Confluence 2.8 Documentation

Index

One major concern is Confluence's ability to withstand a Slashdot, and someone told us that Atlassian had basically said that Confluence could not handle the load of such an event/attack.

Ideally I would want to put a Squid cache directly infront of Conflunce, set the default policy to cache content of normal pages for ~5 minutes (at least) and then pass-through more of the dynamic pages (like the editor & such).

This is, in fact, the case. We don't have any deployed Confluence sites that have the requirement of being Slashdot-proof, but this is probably one of those chicken-and-egg things.

The problem is not one of simple scaleability. We're currently working on "Confluence Massive", a clusterable Confluence that will scale to handle whatever load you feel like throwing at it.

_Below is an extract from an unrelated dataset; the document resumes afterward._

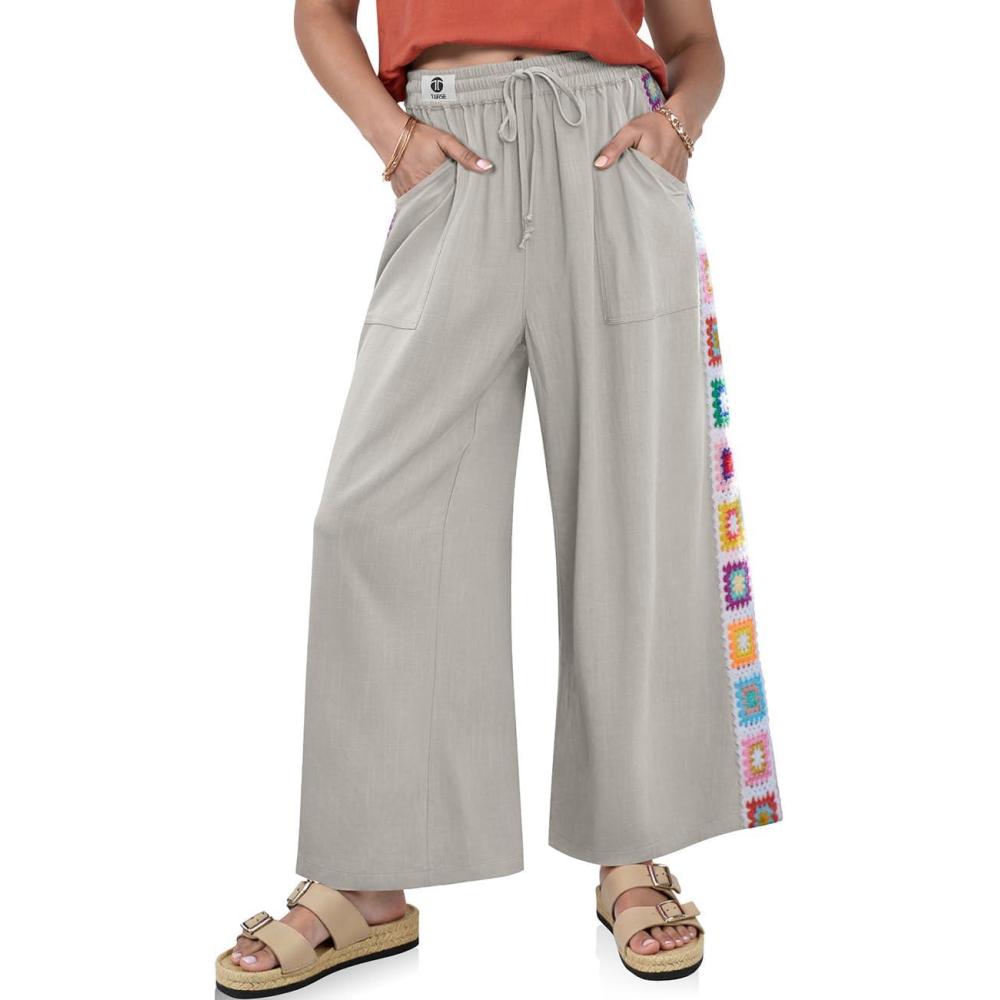 image:imageTARSE Womens Wide Leg Linen Pants Summer Casual Drawstring Loose Lounge Palazzo Crochet Panel Pant with PocketLight Gray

But if your aim is to protect the server against sudden, transient loads, throwing a cluster at the problem that will then spend 99% of its time not being utilised is probably a waste. Thus, the best solution is to have some kind of caching reverse-proxy that will divert load away from Confluence itself.

The main problem with the reverse-proxy solution is that every Confluence page is built dynamically for whichever user is currently accessing it. This affects obvious stuff like the "You are logged in as username" notice, less obvious stuff like the "edit" and "attachments" links that appear or disappear based on whether the user has permission to perform the action on the other end of the link, and even less obvious stuff like wiki-links to spaces the user can't see, or in-page macros that output their content based on the user's identity.

To run Confluence behind a caching reverse-proxy, you'd need one of:

  1. A proxy that understood the user's identity, or
  2. A Confluence site that removed all the personalised content for cacheable pages.

If you had (1), you could tell the proxy to cache content only for anonymous users (since all anon content is the same, and to survive a slashdotting you only really have to worry about the sudden influx of non-logged-in users). That said, (1) is quite tricky, as it relies on the existence of some SSO mechanism that both Confluence and Squid can be hooked into. If such a mechanism existed, though, it'd be a really neat solution.

In the absence of SSO, you've got (2), which involves.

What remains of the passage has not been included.